The Volokh Conspiracy
Mostly law professors | Sometimes contrarian | Often libertarian | Always independent
My talks on "The Myth of Substantive Due Process" [UPDATED]
Why both progressives and conservatives are wrong about "the due process of law."
The modern doctrine of substantive due process is problematic in many ways. For one thing, it allows judges to pick and choose among the "rights . . . retained by the people" to identify those "fundamental rights" that will get super-duper scrutiny, and those "liberty interests" that can be restricted by legislatures with impunity. But problematic as well is the very common critique of substantive due process made by some modern conservatives. According to that critique "the due process of law" is satisfied when a statute is duly enacted and signed into law. At that point, "the due process of law" only ensures a fair judicial procedure to ascertain guilt or innocence of an accused for violating that law. The substance of the law is supposed to be immune from judicial scrutiny.

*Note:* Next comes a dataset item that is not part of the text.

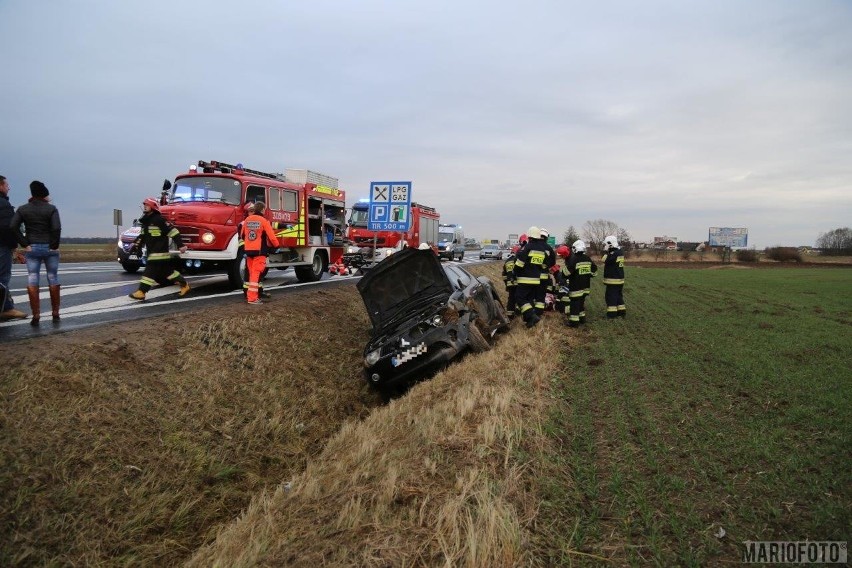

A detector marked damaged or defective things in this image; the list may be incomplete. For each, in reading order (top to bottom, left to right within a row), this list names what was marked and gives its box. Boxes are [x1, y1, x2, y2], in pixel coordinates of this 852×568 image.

crashed black car [356, 247, 510, 390]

In my talk, The Myth of Substantive Due Process, I explain both why modern substantive due process is objectionable and why the conservative critique is inconsistent with the original meaning of "the due process of law." I will be giving this talk on
- Wednesday, January 30th at noon at Harvard Law School in Room WCC 1015 (1585 Massachusetts Ave);
- Wednesday, January 30th at 7:00pm at Yale Law School, Room 127; and
- Thursday, January 31st at noon at Penn Law in Gittis 213.
- Thursday, February 14th at noon at the University of Chicago Law School
- Friday, February 15th at noon at Northwesterrn Law
- Friday, March 29th at noon at St. Thomas Law in Miami.
Food will be served at all the events and the public is welcome to attend.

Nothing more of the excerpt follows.